=== YOUR OBJECTIVE ===
Copy the data exactly as it appears, and do not include any pictures.

=== DATA ===
- Opening Delimiter -

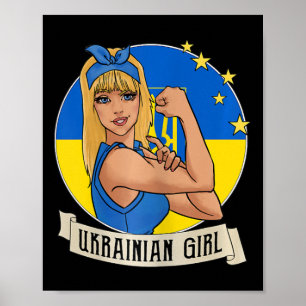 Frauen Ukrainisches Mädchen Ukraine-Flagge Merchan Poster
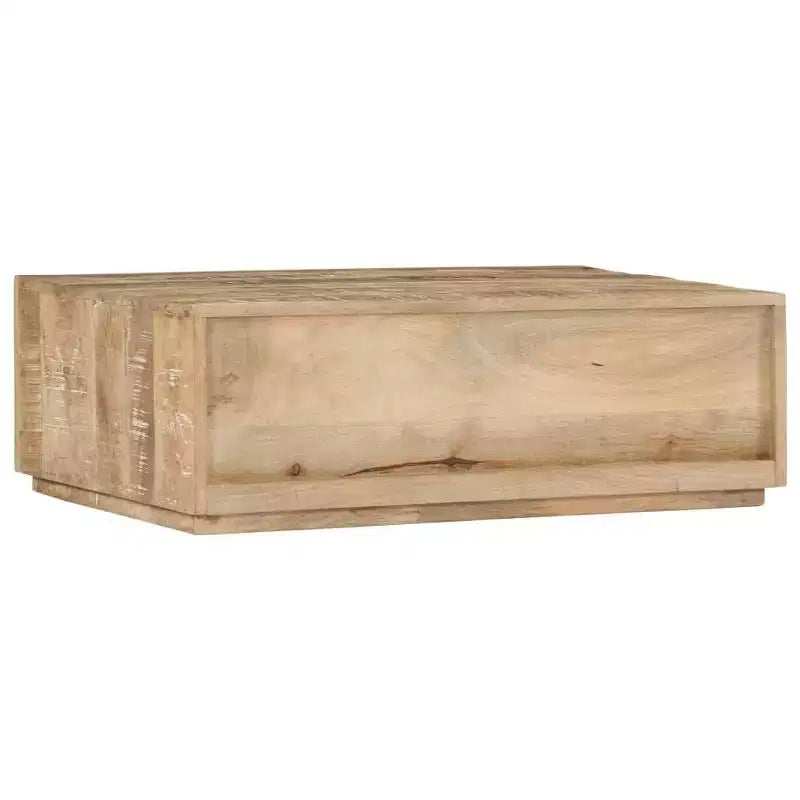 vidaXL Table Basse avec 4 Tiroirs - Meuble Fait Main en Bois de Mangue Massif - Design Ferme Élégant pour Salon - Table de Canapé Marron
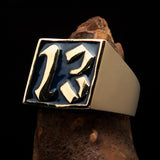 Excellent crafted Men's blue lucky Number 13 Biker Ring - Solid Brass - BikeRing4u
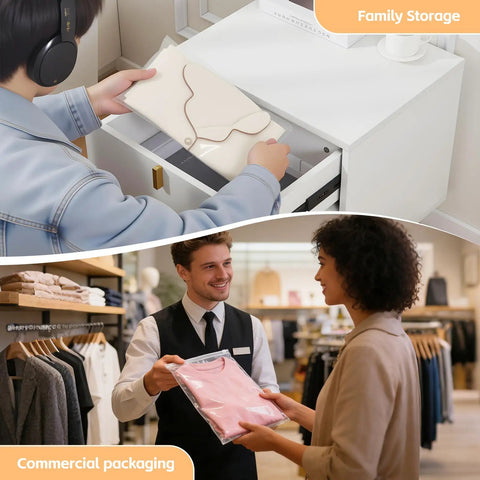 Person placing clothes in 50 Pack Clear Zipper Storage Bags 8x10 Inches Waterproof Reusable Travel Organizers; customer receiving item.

- Closing Delimiter -

=== ANSWER FOR THIS EXERCISE ===
 Frauen Ukrainisches Mädchen Ukraine-Flagge Merchan Poster
 vidaXL Table Basse avec 4 Tiroirs - Meuble Fait Main en Bois de Mangue Massif - Design Ferme Élégant pour Salon - Table de Canapé Marron
 Excellent crafted Men's blue lucky Number 13 Biker Ring - Solid Brass - BikeRing4u
 Person placing clothes in 50 Pack Clear Zipper Storage Bags 8x10 Inches Waterproof Reusable Travel Organizers; customer receiving item.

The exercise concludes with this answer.